Although the crashing defeat of Schröder's Social Democrats last night in the state of North Rhine-Westphalia was hardly unexpected, the event could still have unexpected consequences.
One, certainly, was the chancellor bringing forward the general election from next year to this autumn, but there is an even more profound possibility. Schröder has now lost control of the Bundesrat – the upper house of the German federal parliament – controlling only five seats as opposed to the 11 of 16 that his party controlled in 1999.
Yet, it is in the Bundesrat that the final stage of ratification of the EU constitution must take place, and this is not due until 27 May. To ratify the constitution requires a two-thirds majority vote, which Schröder no longer commands.
The länder are already rebellious about being railroaded into ratifying the constitution – the timetable being set by Schröder, simply to influence the French referendum - and the election defeat gives them the opportunity to make their voices heard.
The House has expressed its concerns about the possible accession of Turkey and is uneasy about the lack of participatory rights of the Bundesrat in EU affairs. It wants to increase its influence ahead of EU decisions on subjects which affect its areas of competence, and also wants the individual right for each region to take EU institutions to the European Court of Justice in the event of a breach of the subsidiary principle.

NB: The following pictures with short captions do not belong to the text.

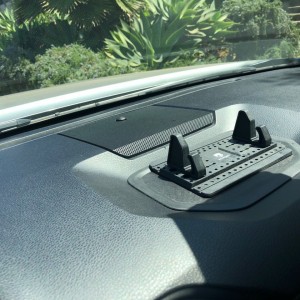 phone holder dash top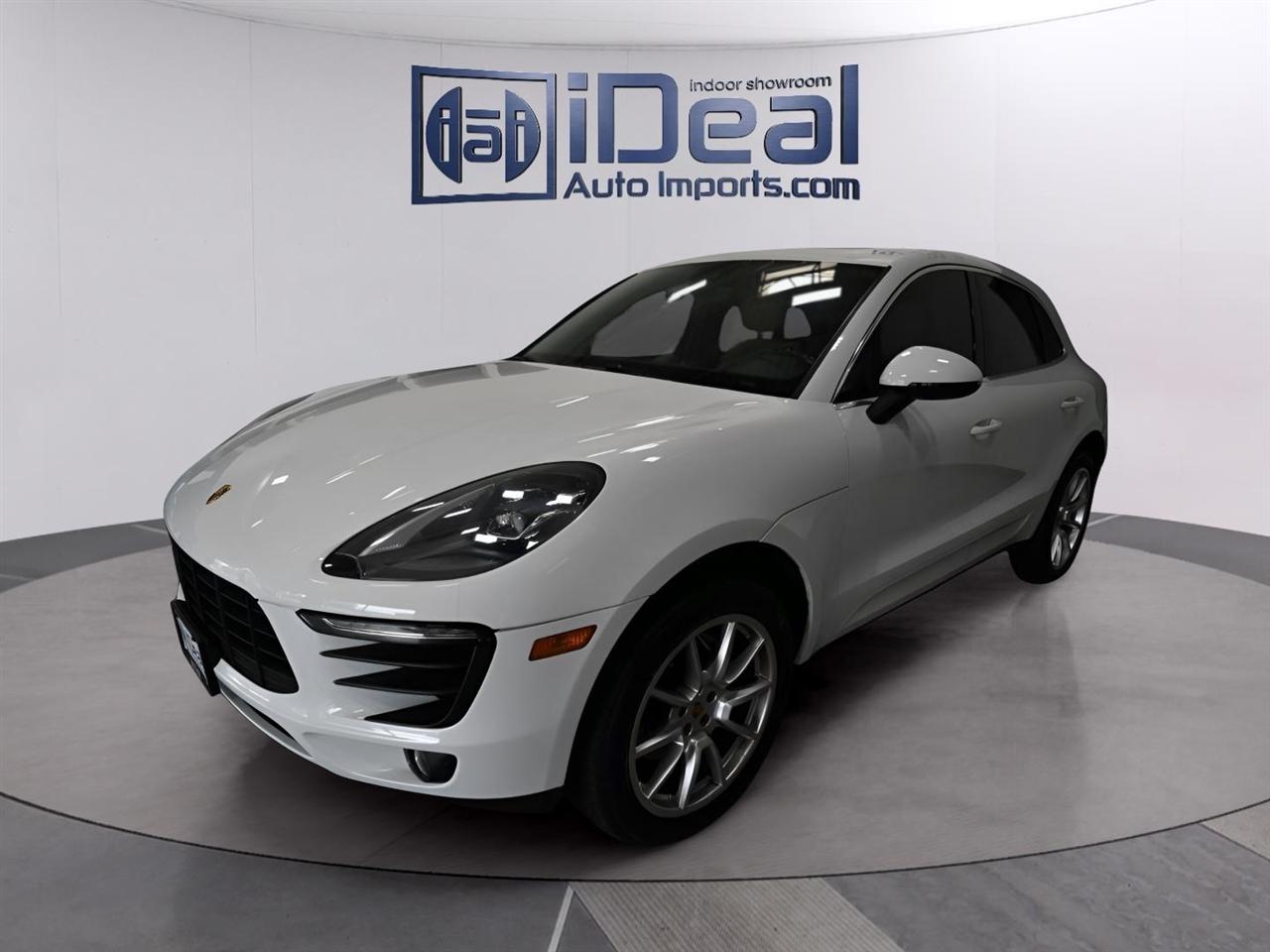 2018 Porsche Macan S AWD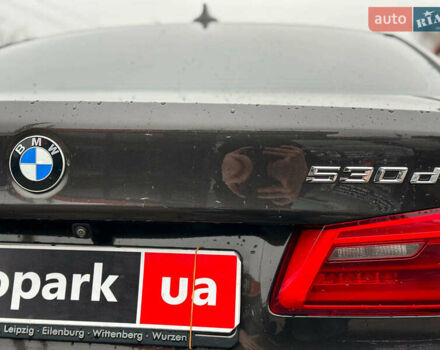 Коричневый БМВ 5 Серия, объемом двигателя 3 л и пробегом 167 тыс. км за 29990 $, фото 17 на Automoto.ua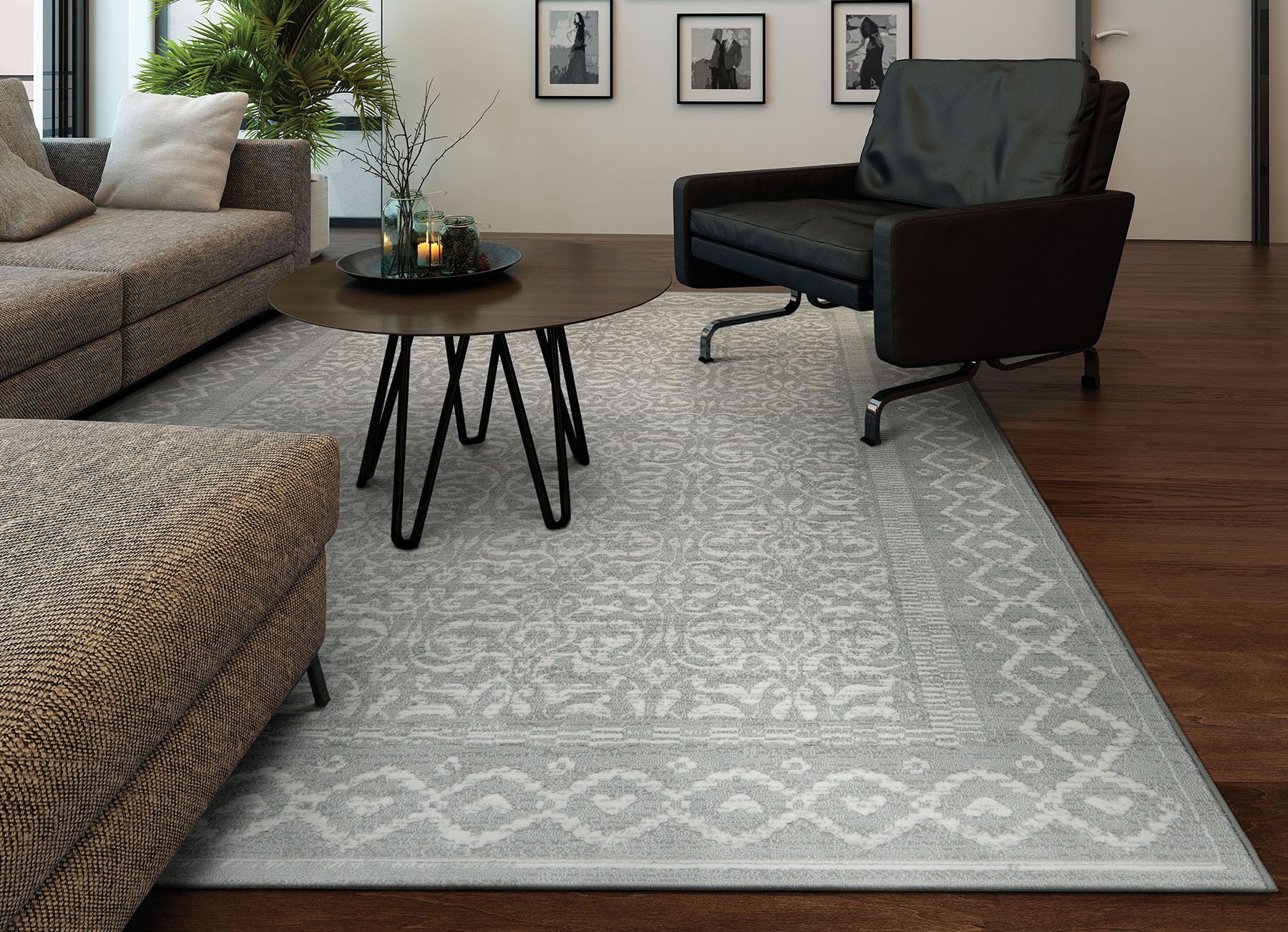 Couristan Ibiza Area Rug 6'6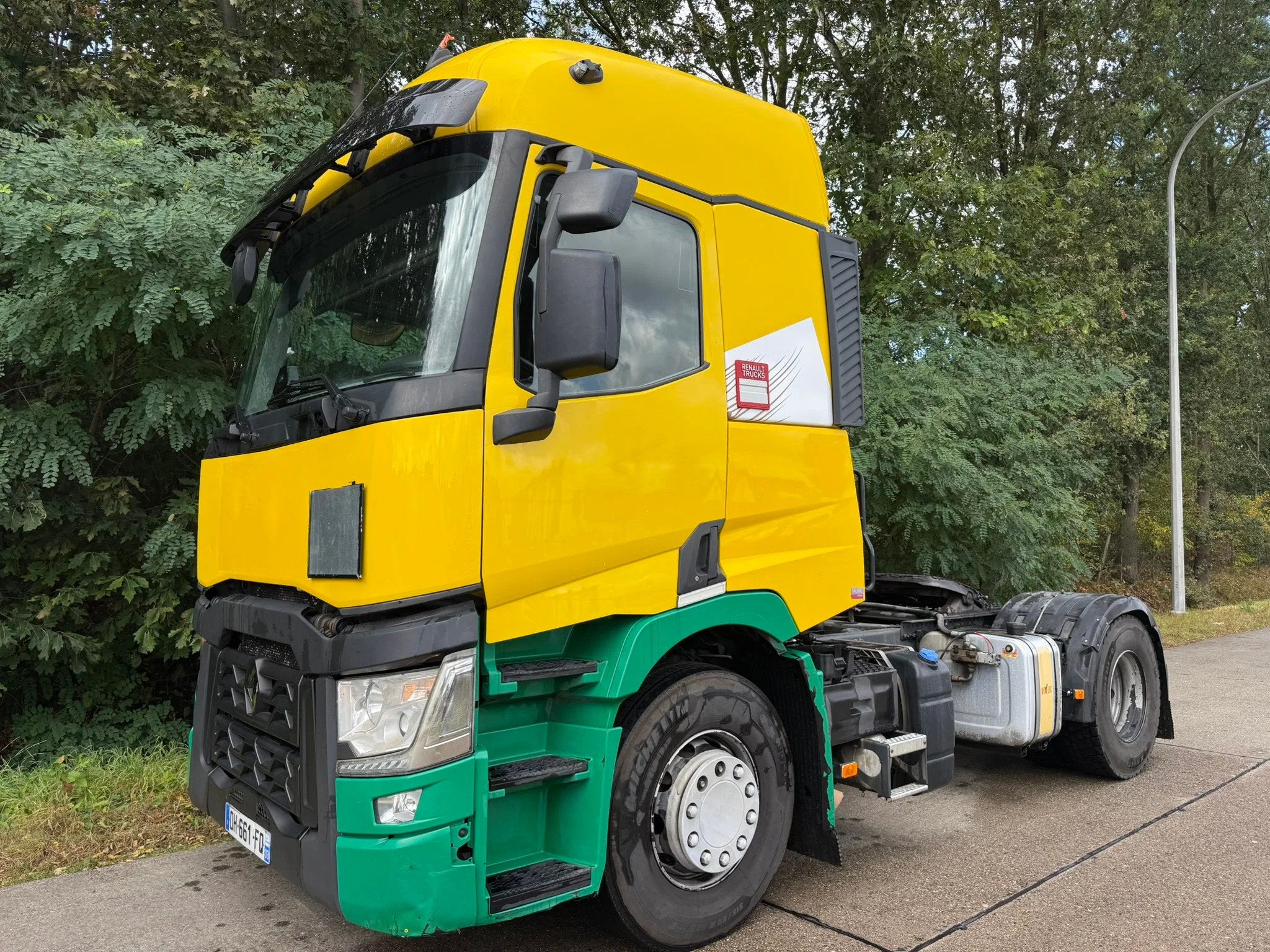 Renault T460 717000 Km / RETARDER / Kiphydraulic (bj 2014), Auto's, Vrachtwagens, Achterwielaandrijving, Bedrijf, Diesel, Te koop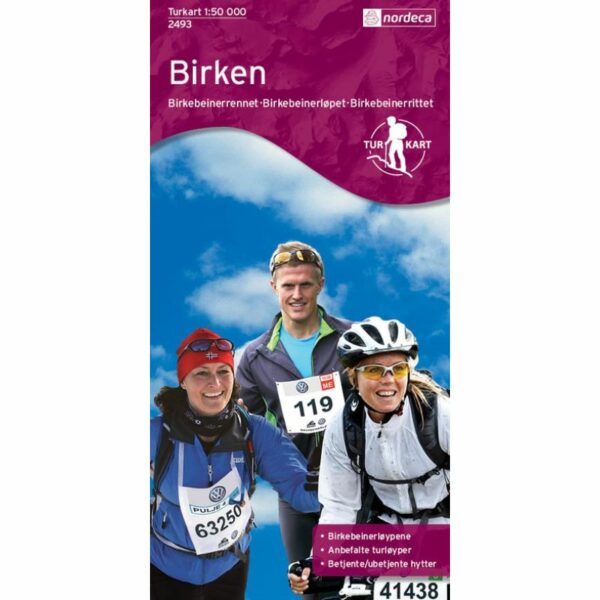 Nordeca-Birken-1:50-000-N2493-Lillehammer-Sport-1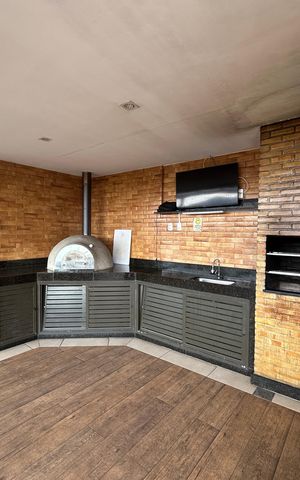 Apartamento para alugar com 72m², 3 quartos e 1 vagaÁrea comum - Churrasqueira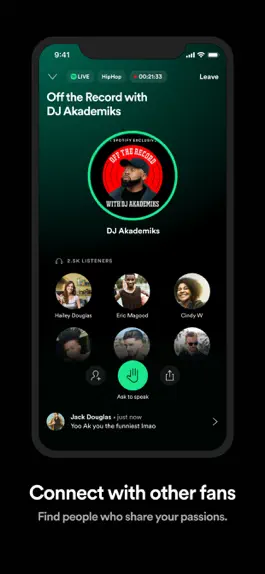 Game screenshot Spotify Live hack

While it is highly unlikely that the House will actually block ratification, with defeat of Schröder in North Rhine-Westphalia, the CDU/CSU could decide to flex its muscles by delaying the process. That, in turn, could influence the French referendum in a way not anticipated by Schröder, affording the Länder an opportunity to negotiate changes to the EU text - by proxy, so to speak – when or if the French reject the constitution.
In that event, we could be seeing another example of the rat leaving the sinking ship – the Bundesrat.